Cranichis ricartii
- Conservation status: Endangered (ESA)

Scientific classification
- Kingdom: Plantae
- Clade: Tracheophytes
- Clade: Angiosperms
- Clade: Monocots
- Order: Asparagales
- Family: Orchidaceae
- Subfamily: Orchidoideae
- Tribe: Cranichideae
- Genus: Cranichis
- Species: C. ricartii
- Binomial name: Cranichis ricartii Ackerman

= Cranichis ricartii =

- Genus: Cranichis
- Species: ricartii
- Authority: Ackerman
- Conservation status: LE

Species of orchid

Cranichis ricartii is a rare species of orchid known by the common name Puerto Rico helmet orchid. It is native to Puerto Rico, where it is known from three locations in one forest. The plant has also been seen in Guadeloupe. The plant's rarity is the main reason for its listing as an endangered species of the United States.

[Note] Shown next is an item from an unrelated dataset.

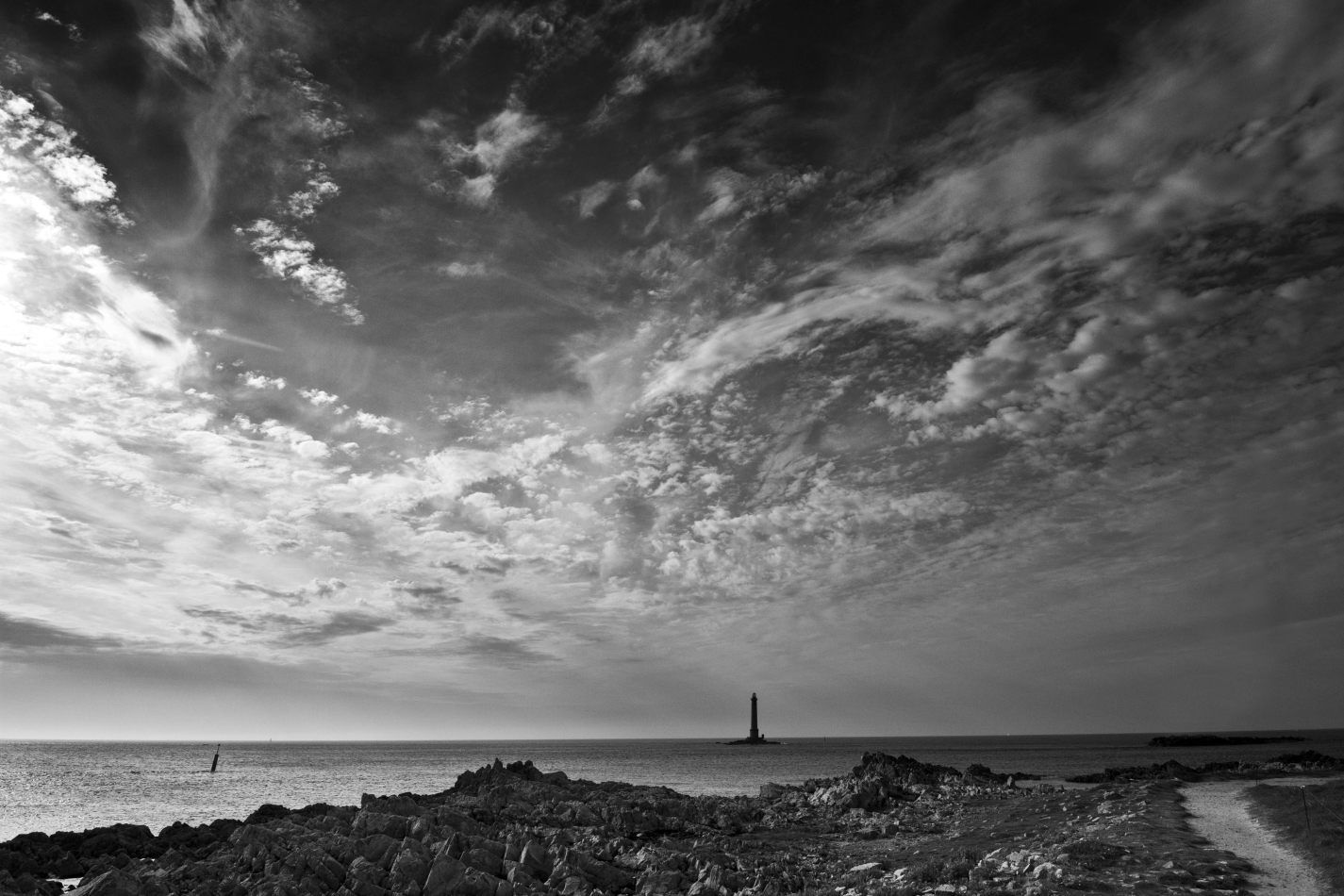 Storvandre: Cap de la Hague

This orchid was discovered in 1979 growing in the mountain forest habitat of the Maricao Commonwealth Forest on the west side of the island of Puerto Rico. There have been no more than 30 individuals noted in total. Though it is known to occur at three sites, it is not seen at all three sites each year. This is a serpentine endemic plant, growing in areas that are rich in serpentine soils such as the Maricao Forest, which has over 85% serpentine substrate. This terrestrial orchid grows in the humus of the understory of trees such as Coccoloba pirifolia, Randia aculeata and Comocladia glabra. It can often be found with its relative, the orchid Cranichis tenuis.

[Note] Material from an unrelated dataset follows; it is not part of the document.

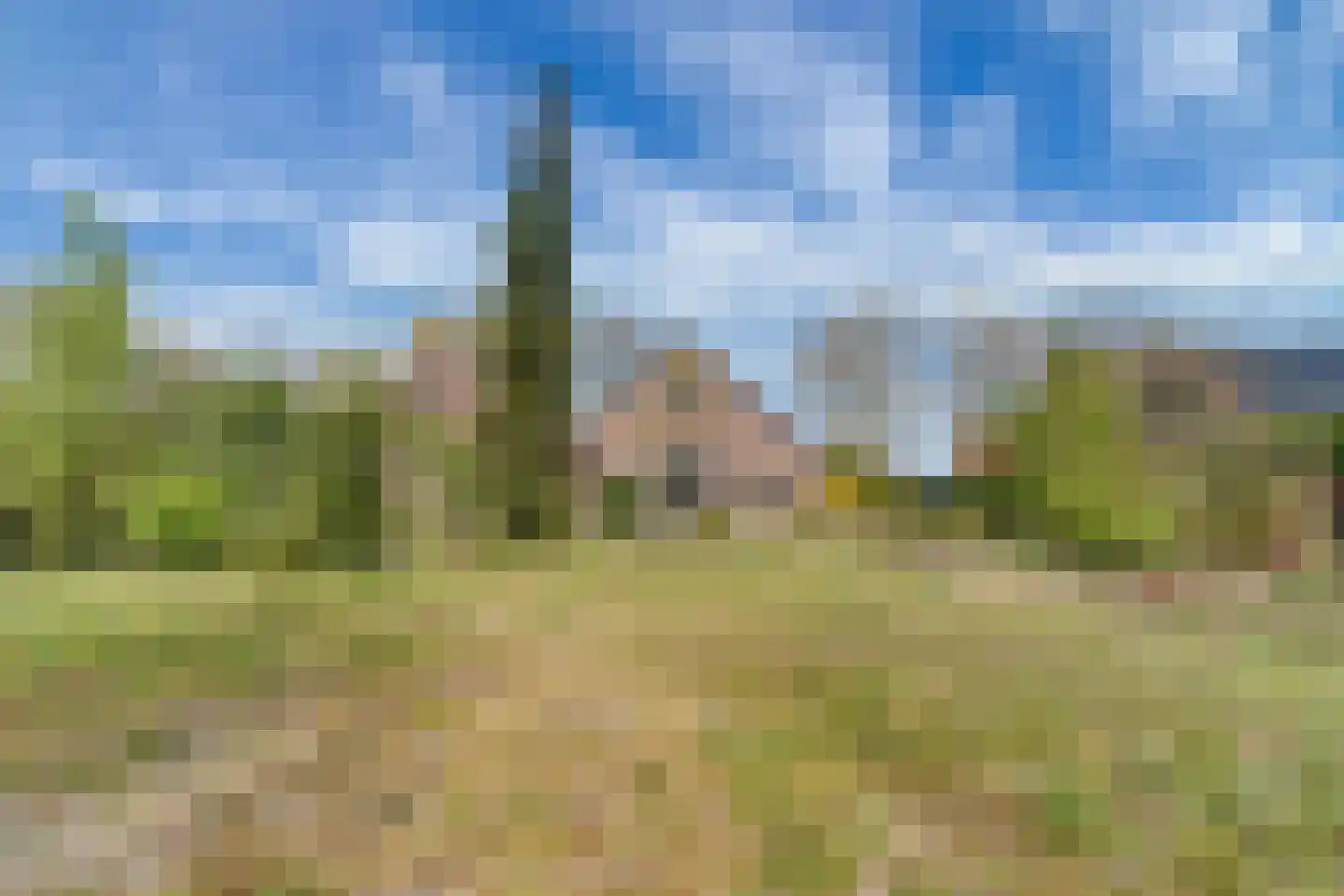 Hoogenweg 39 Hoogenweg thumbnail 8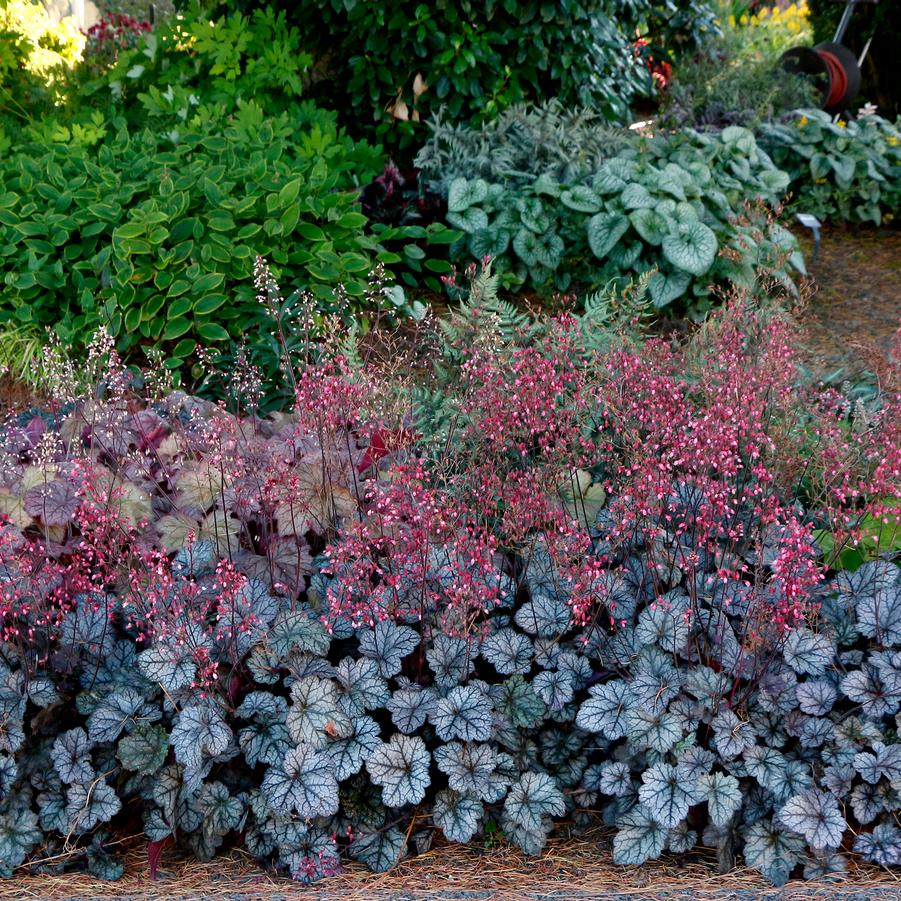 Heuchera x Glitter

This orchid grows up to 27 centimeters tall, the base of the stem surrounded by several small oval leaves up to 3.5 centimeters long by 2 wide. The inflorescence bears a raceme of several green flowers about 2 centimeters long by 1 wide. The plant blooms in the fall.

The plant is threatened mainly by its limited numbers and by disturbance in its habitat. The Maricao Commonwealth Forest is a protected area but certain activities may be detrimental to the species, such as trail maintenance and selective thinning of the forest. One population was destroyed in 1995 when a road was built in the area.